Menurut Musni, duet Anies-Cak Imin terbentuk karena peran besar Ketua Umum NasDem, Surya Paloh.
Menurutnya, faktor suara Jawa Timur diperlukan untuk menjemput kemenangan, salah satu opsi yang tepat adalah Cak Imin.
“Kalau ditanya, dijodohkan atau kawin paksa seperti judul dialog Karni Ilyas di TV ONE dengan Anies bersama Muhaimin, jawabannya dijodohkan oleh bang Surya Paloh, Ketua Umum NasDem,” ujar Musni dalam tulisan panjangnya, dikutip dari akun twitter pribadinya, Sabtu (9/9/23).
“Mengapa setelah dijodohkan cepat sekali kawin?
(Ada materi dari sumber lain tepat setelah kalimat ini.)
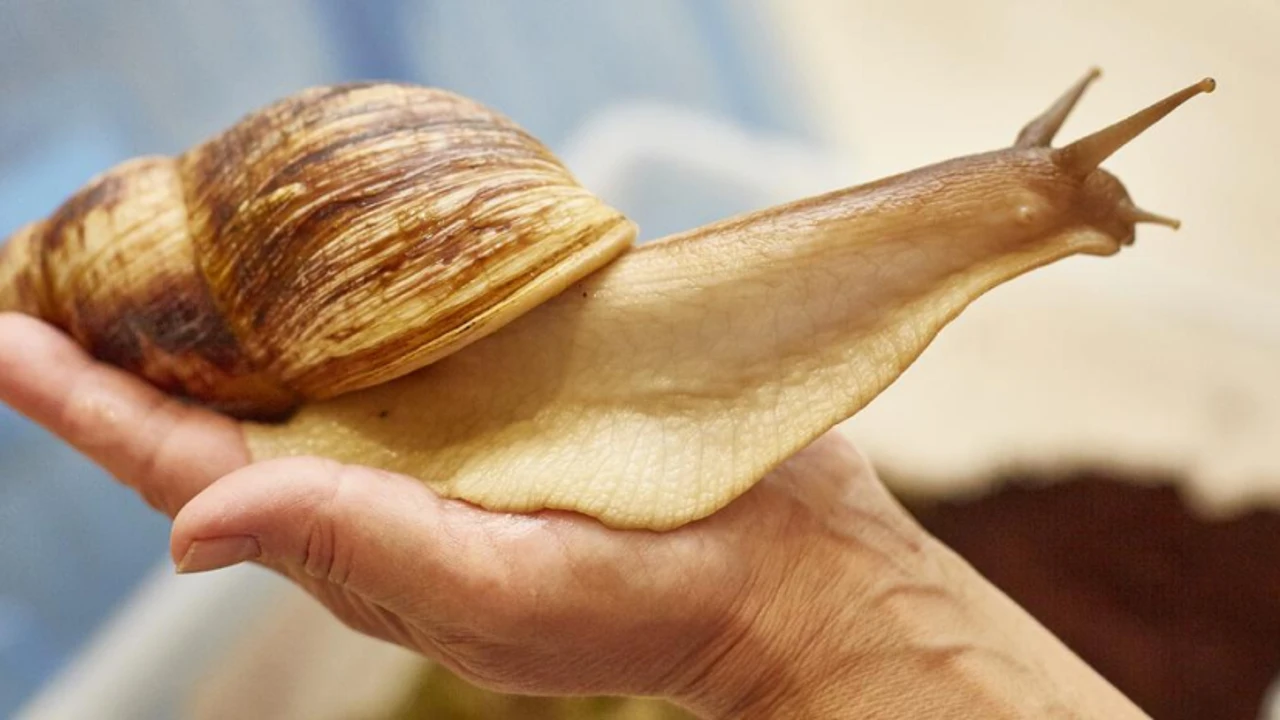 Imagen de un ejemplar de Caracol Africano Gigante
Jawabannya, pada Juni 2023, Anies sudah mengemukakan ke Tim 8 perlunya anggota koalisi baru untuk memperkuat posisi Koalisi Perubahan di Jawa Timur dan Jawa Tengah,” tambahnya.
Karenanya, Musni menilai pada dasarnya Anies sudah lama melirik sosok Muhaimin sebagai calon potensial Bacawapres.
Faktor suara Jawa Timur jadi pertimbangan serius Anies dalam menentukan Cawapres.
“Dengan demikian, sejatinya Anies sudah lama melirik Gus Imin yang pimpin PKB untuk memperkuat posisi Koalisi Perubahan untuk Persatuan di Jawa Timur dan Jawa Tengah, namun belum tahu bagaimana caranya seperti dikemukakan di atas,” ungkapnya.